Maybe I could fall for someone. Just maybe. The thing is that, I love the idea of love but not being into love. And I am not interested in falling in love, because I am not capable. And I can’t.
But to be frank, I envy love and those who are in love. It is quite beautifully challenging being in love, right? But it is not that I am afraid of challenges also. I love challenges but not that love kind of challenges. I accept that love is rare. And it probably won’t happen to me. Maybe, love is not for me.
I am a kind of girl who appreciates love but doesn’t want to be in it. Because I am not interested in opening up all of the pieces of my heart and let someone fill the gap in it. I just don’t want it. And I feel that I am okay with it. Or maybe, I am just not ready for that.
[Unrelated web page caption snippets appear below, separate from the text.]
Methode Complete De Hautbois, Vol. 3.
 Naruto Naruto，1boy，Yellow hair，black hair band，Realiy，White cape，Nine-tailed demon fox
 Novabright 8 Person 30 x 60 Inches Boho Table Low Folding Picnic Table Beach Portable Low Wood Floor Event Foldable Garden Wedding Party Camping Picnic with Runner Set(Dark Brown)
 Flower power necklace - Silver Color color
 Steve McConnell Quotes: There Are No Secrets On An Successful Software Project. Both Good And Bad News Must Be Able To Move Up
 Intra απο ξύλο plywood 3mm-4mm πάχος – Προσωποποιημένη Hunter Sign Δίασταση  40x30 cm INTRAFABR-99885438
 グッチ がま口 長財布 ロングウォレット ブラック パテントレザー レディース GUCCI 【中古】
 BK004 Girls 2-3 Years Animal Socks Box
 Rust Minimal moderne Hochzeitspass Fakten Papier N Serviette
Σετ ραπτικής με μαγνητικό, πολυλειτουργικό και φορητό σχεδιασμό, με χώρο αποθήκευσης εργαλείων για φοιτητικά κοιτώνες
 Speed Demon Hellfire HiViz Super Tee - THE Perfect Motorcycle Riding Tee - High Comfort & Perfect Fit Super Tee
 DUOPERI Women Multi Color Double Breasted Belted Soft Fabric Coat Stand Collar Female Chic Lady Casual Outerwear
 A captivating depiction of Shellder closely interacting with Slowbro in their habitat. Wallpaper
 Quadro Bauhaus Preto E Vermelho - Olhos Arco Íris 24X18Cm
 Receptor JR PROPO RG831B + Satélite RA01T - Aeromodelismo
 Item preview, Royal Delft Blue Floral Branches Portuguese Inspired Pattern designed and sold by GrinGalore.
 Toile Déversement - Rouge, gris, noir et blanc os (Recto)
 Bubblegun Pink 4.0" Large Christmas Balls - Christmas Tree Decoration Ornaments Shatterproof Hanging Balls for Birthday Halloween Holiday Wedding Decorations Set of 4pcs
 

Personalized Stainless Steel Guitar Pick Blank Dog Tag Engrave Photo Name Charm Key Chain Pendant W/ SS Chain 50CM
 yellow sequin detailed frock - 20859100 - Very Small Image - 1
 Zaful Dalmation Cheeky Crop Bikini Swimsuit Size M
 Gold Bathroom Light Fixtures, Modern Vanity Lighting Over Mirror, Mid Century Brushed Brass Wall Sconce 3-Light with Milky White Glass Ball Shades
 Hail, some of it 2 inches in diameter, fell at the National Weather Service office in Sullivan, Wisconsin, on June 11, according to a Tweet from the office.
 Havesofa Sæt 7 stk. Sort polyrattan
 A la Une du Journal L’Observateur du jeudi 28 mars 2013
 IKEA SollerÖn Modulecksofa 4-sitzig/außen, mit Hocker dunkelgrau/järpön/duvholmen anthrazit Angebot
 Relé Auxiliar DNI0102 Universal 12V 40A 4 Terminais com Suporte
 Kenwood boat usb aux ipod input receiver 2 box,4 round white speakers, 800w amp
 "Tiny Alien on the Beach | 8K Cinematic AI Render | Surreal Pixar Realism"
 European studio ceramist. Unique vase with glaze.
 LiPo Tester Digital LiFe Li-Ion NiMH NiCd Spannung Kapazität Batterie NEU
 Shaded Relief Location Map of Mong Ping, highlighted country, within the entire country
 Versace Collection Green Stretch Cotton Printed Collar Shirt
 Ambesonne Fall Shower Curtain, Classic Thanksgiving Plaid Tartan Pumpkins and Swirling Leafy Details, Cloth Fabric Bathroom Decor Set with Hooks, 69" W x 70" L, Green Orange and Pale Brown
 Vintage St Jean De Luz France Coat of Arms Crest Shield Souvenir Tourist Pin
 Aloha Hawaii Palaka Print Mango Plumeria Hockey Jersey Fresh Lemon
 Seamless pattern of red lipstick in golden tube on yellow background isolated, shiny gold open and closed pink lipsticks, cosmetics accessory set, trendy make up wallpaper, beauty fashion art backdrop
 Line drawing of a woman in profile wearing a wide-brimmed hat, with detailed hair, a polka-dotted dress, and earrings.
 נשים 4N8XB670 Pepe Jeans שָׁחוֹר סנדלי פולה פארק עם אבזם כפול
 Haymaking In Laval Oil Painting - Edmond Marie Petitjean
But believe me, love looks incredible. And at times I think to myself that I can go for it. But then I realize that people judge me before they even know me. That’s why I’m better off alone. And I can’t let people judge me for who I am. I can’t break myself and search for someone to put the pieces into the place.
Maybe, I am happy for where I am without it. I am not capable of making someone else blend the colors of their life with colors of my life.
When people ask me why I run away from this beautiful thing called love, I am left swirling with the question in my brain. I am left questioning everything. And you know, I have difficult time with this world. Often I think I am not meant for it.